▸ TASK PROMPT
Please print the records below exactly as they are written.

▸ Stored data
--------
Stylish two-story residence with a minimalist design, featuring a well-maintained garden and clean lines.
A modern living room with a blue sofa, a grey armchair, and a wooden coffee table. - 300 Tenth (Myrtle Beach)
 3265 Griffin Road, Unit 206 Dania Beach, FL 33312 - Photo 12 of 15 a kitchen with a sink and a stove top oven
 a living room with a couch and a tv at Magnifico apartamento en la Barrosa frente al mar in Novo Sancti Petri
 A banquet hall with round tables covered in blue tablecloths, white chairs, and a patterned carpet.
--------
▸ ANSWER TO THIS EXERCISE
Stylish two-story residence with a minimalist design, featuring a well-maintained garden and clean lines.
A modern living room with a blue sofa, a grey armchair, and a wooden coffee table. - 300 Tenth (Myrtle Beach)
 3265 Griffin Road, Unit 206 Dania Beach, FL 33312 - Photo 12 of 15 a kitchen with a sink and a stove top oven
 a living room with a couch and a tv at Magnifico apartamento en la Barrosa frente al mar in Novo Sancti Petri
 A banquet hall with round tables covered in blue tablecloths, white chairs, and a patterned carpet.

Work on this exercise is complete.